However, I don't think you could impose a similar dynamic on a high-level language. There's something in low-level C that makes your brain tick a slightly different way and how you build your creations in C rather than in other languages reflects that. The OP said it very well: C reflects the reality of what your computer does. And I somehow love it just the way it is.
I've worked most of my career in higher level languages but I've never set C aside. It has always been there, even with Python, C++, or some other language. Now I'm writing C again on a regular basis and with my accumulated experience summed into the work it's truly rewarding.
I was much the same - started out with Z80 asm, moved onto x86 shortly after that, and never really liked HLLs (including C) until I was almost 18 - I always felt I could do better than the compilers at the time (and I did), so there wasn't any reason to move up. I still use C and x86 asm frequently, more the former now, but I'll sometimes go back to something I wrote in C before and start rewriting bits of it in asm just to see how much smaller I could make it.
> Because such effort is required there's a slight cost in writing code which makes you think what you want to write in the first place.
It also tends to make you think of the simplest, minimal design that works, and that translates into more efficient and straightforward code. Higher level languages make some things really easy, but then I always feel a little disappointed by just how much resources I'm wasting afterwards.
Please do people a favour and either format this as code or add more linebreaks, at the moment it makes stuff rather uncomfortable to read (until one clicks ‘Fit to Width’).
Yeah sorry, I wrote it like that to make it more confusing...
But it's actually not too confusing. A brief explanation:
The first 75%ish, the bit with all the +s, is filling up the elements of the BF array with the ASCII value of all of the letters contained in the sentence. And the second 25%ish is just scrolling to the right location and printing out the letters, hence lots of <>s and .s. During the fill up stage each ASCII value is made using two of it's factors, in an attempt to reduce the number of characters. So each ASCII letter looks like this N+[-<M+>] where N and M are the two factors chosen. For example 32, an ASCII space, is ++++++++[-<++++>], N=8, M=4.
I'm sure this isn't the most character efficient for short sentences, but it might not be too bad for paragraphs.
PS, in analysing that I have noticed there is a pointless extra > at the start.
if you're not familiar with simon tatham, do poke around his site [http://www.chiark.greenend.org.uk/~sgtatham/] - he has an eclectic and delightful assortment of code and writing. probably best known for putty, but the rest of it is a lot of fun to browse through.
The article does exactly what it sets out to do: introduce C to programmers used to more modern languages.
I started programming in C again a few months ago after a 15 year hiatus and the language I remembered loving seemed strange and tedious. This would have been a great reminder of the many differences that after a while you just take for granted. Something similar would be useful for most languages but just more so for C (or say, FORTRAN).
My only quibble would be that while malloc/free are covered many variables are simply automatically aloocated and deallocated on the stack. C's dual approach to memory management is yet another frequent source of confusion.
I love C. It wasn't my first language to jump in to, but it was eye opening to see the power of pointers and low level operations. Java just couldn't get me close enough to the system.
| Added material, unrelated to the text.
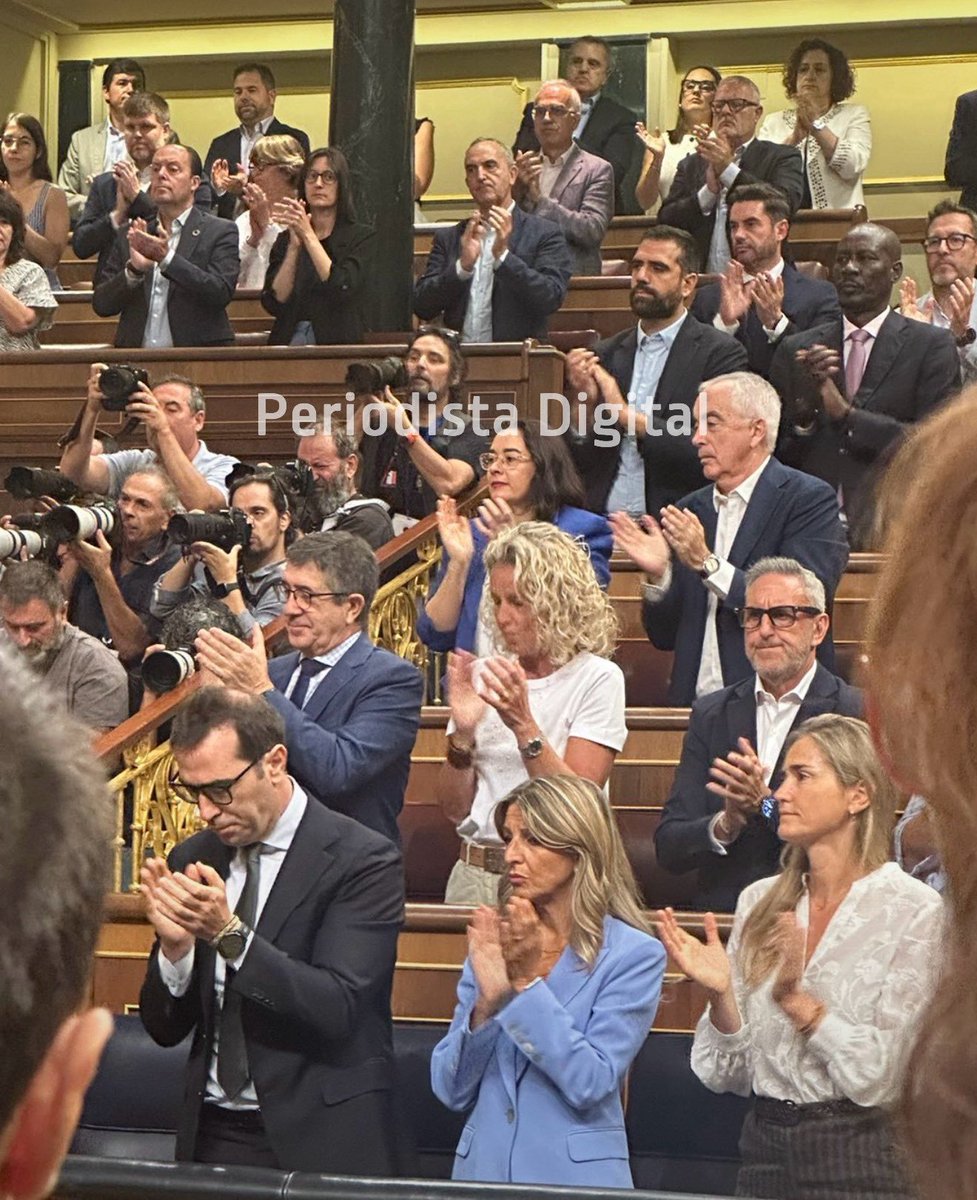 quarter14544's tweet photo. AL ÚLTIMO QUÉ LE APLAUDIERON ASÍ,  ESTA EN LA CÁRCEL. 

YO CREO QUE ES EL RITUAL DEL PSOE 🤔 🤔🤔🤣🤣🤣🤣🤣🤣🤣🤣🤣🤣🤣🤣🤣🤣🤣🤣🤣🤣🤣🤣 https://t.co/QRrZLnAz1j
The article only discusses the 'extremities' (C vs. Python/Java, etc...) when there is an obvious and popular 'compromise': C++, which has most of the discussed advantages of both sides. (Although it has some drawbacks; it is a bit more difficult to master than either C, Java or Python.)
As someone who swore off c after a college class and an experience with perl (three cheers for memory management), this was a great intro article to the idioms of c.
I first learned "true" programming with Perl. My next language was C to learn how to program microcontrollers. Incidentally, they remain my two favorite languages even after Python, C++, Java, Tcl, shell, LISP, and multitudes of assemblies. I feel these two languages cover most of my uses.
I just wish the built-in XS Perl<>C integration was simpler. I need to look into some CPAN modules for a more ctypes-like interface. Better yet, it should use libclang to autogenerate bindings!
interesting read. one of the later comments is a bit off the mark though:
" As a direct result of leaving out all the safety checks that other languages include, C code can run faster"
C is fast not just because of missing safety checks but because more generally you don't pay for features you don't use. Things like function calls and reading data are not complicated by run-time type logic for instance - this is very important, its why you can write an Objective-C class which has the same content as a bunch of C functions and the C functions will be (sometimes very significantly) faster.
This is one example, but many language features in high level languages suffer from similar performance problems - by being super generic and ultra late binding they can never perform as fast as a clean implementation which knows everything at compile time.
If you want dynamic late binding type functionality in C you have to do it yourself...
The really nice thing about Objective-C, of course, is that you can just dip in and out of plain C as the mood takes you (e.g. where speed matters, or perhaps where you're just doing numerical stuff and C is less verbose). I've come to C via Objective-C, and (like many other commenters here) have found it incredibly satisfying.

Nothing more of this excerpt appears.